Start of EXTRACTED RECORDS

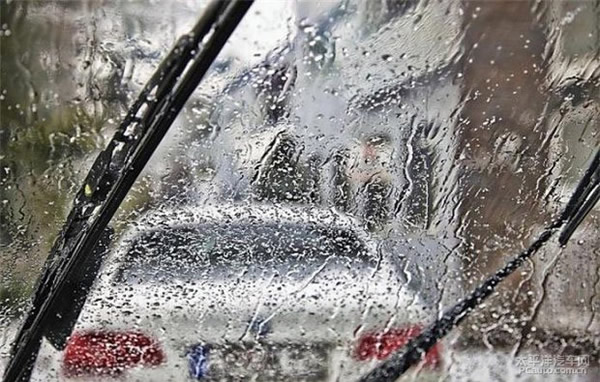 科目二、科目三遇到下雨天應(yīng)該怎樣做？考試順利會通過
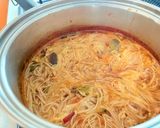 トマト🍅と夏野菜のワンパン❣️サンラータン煮麺作り方4写真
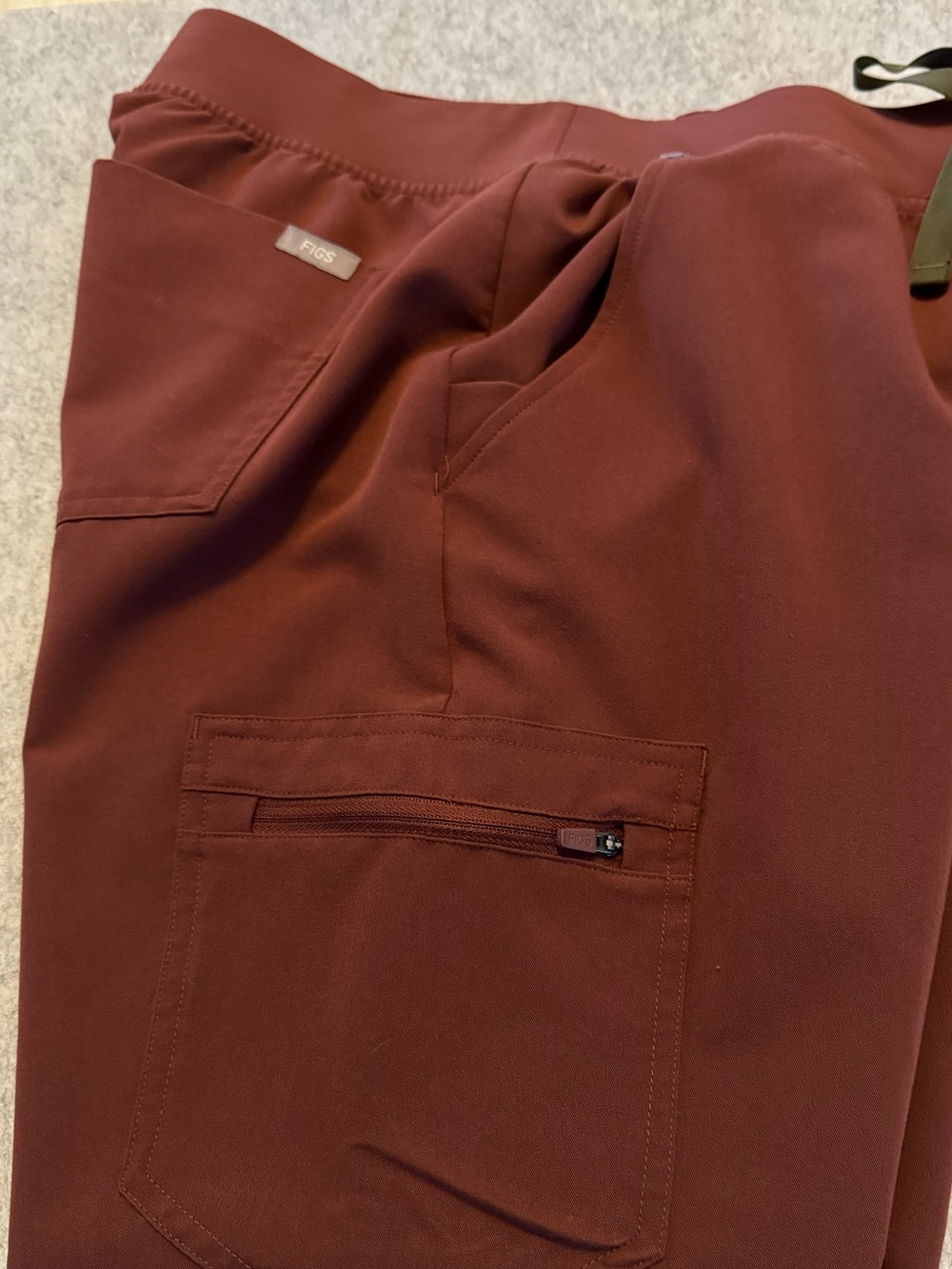 FIGS women’s burgundy petite medium joggers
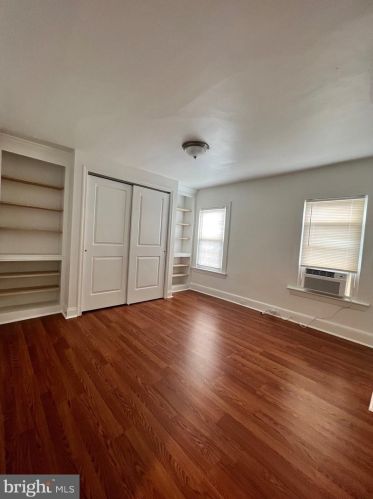 21 Sussex St, Gloucester NJ  08030-1725 exterior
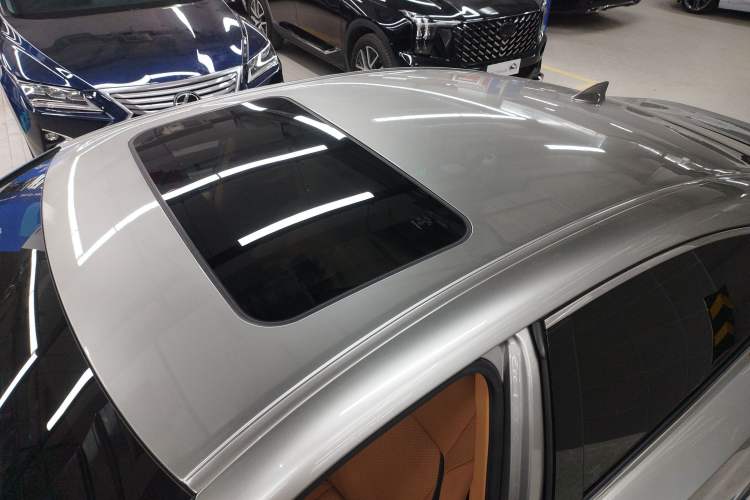 Used Lexus ES 2025 200 Premium Edition Roof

End of EXTRACTED RECORDS

PROMPT: What is needed is an exact copy of the lines from the line with "FIGS women’s burgundy petite medium joggers" to the end of the data above, both included, without any pictures.

EXERCISE ANSWER:
 FIGS women’s burgundy petite medium joggers
 21 Sussex St, Gloucester NJ  08030-1725 exterior
 Used Lexus ES 2025 200 Premium Edition Roof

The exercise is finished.